Inability to Reproduce Results: A Crisis

 Its the scientific method.   I have seen many examples where you could not recreate the context involved, but the results were accepted as proof, because they followed some narrative that was generally accepted, or not accepted.  Bias of many types.   Dangerous crisis. Good article, but deeper than is stated.  Especially if investment and resulting risk is high.

An Inability to Reproduce   By Samuel Greengard 
Communications of the ACM, September 2019, Vol. 62 No. 9, Pages 13-15
10.1145/3344289

Science has always hinged on the idea that researchers must be able to prove and reproduce the results of their research. Simply put, that is what makes science...science. Yet in recent years, as computing power has increased, the cloud has taken shape, and data sets have grown, a problem has appeared: it has becoming increasingly difficult to generate the same results consistently—even when researchers include the same dataset.

"One basic requirement of scientific results is reproducibility: shake an apple tree, and apples will fall downwards each and every time," observes Kai Zhang, an associate professor in the department of statistics and operations research at The University of North Carolina, Chapel Hill. "The problem today is that in many cases, researchers cannot replicate existing findings in the literature and they cannot produce the same conclusions. This is undermining the credibility of scientists and science. It is producing a crisis."

The problem is so widespread that it is now attracting attention at conferences and in academic papers, and even is garnering attention in the mainstream press. While a number of factors contribute to the problem—including experimental errors, publication bias, the improper use of statistical methods, and subpar machine learning techniques—the common denominator is that researchers are finding patterns in data that have no relationship to the real world. As Zhang puts it, "The chance of picking up spurious signals is higher as the nature of data and data analysis changes."

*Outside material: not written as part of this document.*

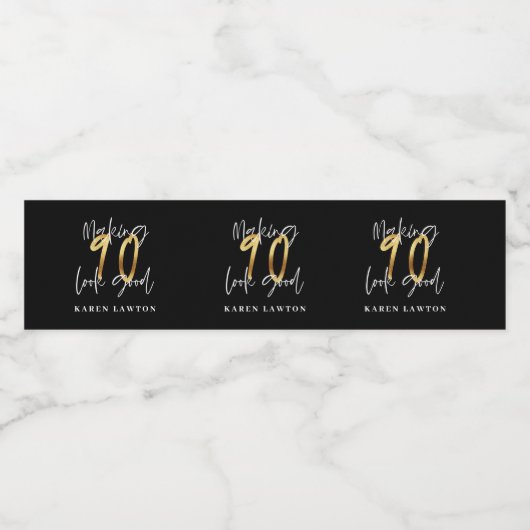 90 lijken een goede gouden verjaardag waterfles etiket (Enkel label)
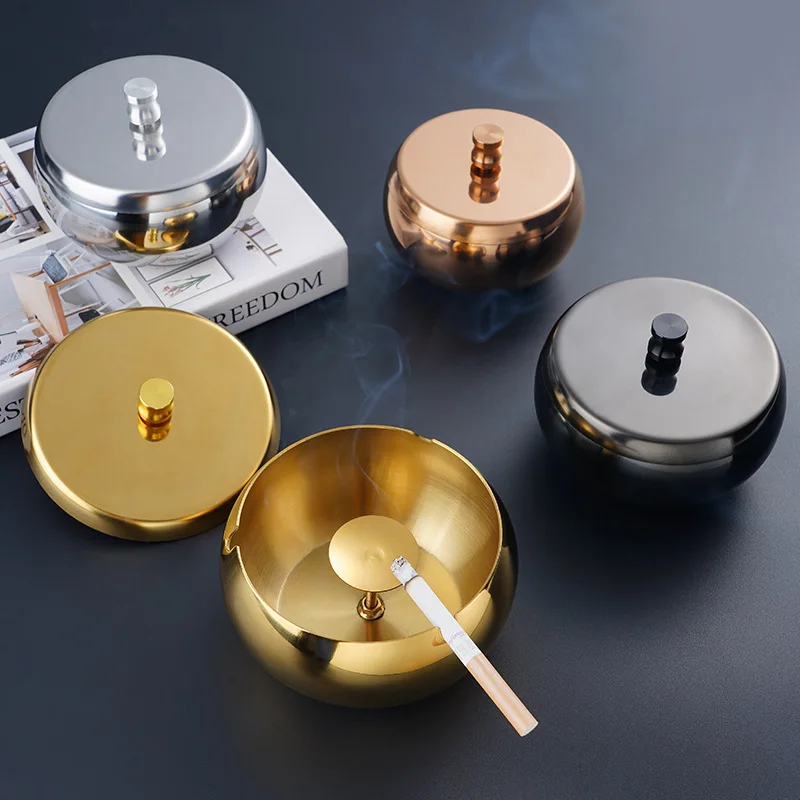 Electroplating Color Plated Ashtray Cover Luxury Style Stainless Steel Windproof Smokeless Ash tray Living Room Office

At a time when anti-science sentiment is growing and junk science is flourishing, the repercussions are potentially enormous. If results cannot be trusted, then the entire nature of research and science comes into question, experts say. What is more, all of this is taking place at a time when machine learning is emerging at the forefront of research. A lack of certainty about the validity of results could also lead people to question the value of machine learning and artificial intelligence.

Methods Matter

A simple but disturbing fact is at the center of this problem. Researchers are increasingly starting with no hypothesis and then searching—some might say grasping—for meaningful correlations in data. If the data universe is large enough—and this is frequently the case—there are reasonably good odds that by sheer chance, a valid p-value will appear. Consider: if a person tosses a coin eight times and it lands on heads every time, this is noteworthy; however, if a person tosses a coin 8,000 times and, at some point, the coin lands on heads eight consecutive times, what might appear to be a significant discovery is merely a random event.

The idea that scientific outcomes may be inaccurate or useless is not new. In 2005, John Ioannidis, a professor of health research and policy at Stanford University, published an academic paper titled Why Most Published Findings Are False, in the journal PLOS Medicine. It put the topic of reproducibility of results on the radar of the scientific community. Ioannidis took direct aim at methodologies, study design flaws, and biases. "Simulations show that for most study designs and settings, it is more likely for a research claim to be false than true," he wrote in that paper.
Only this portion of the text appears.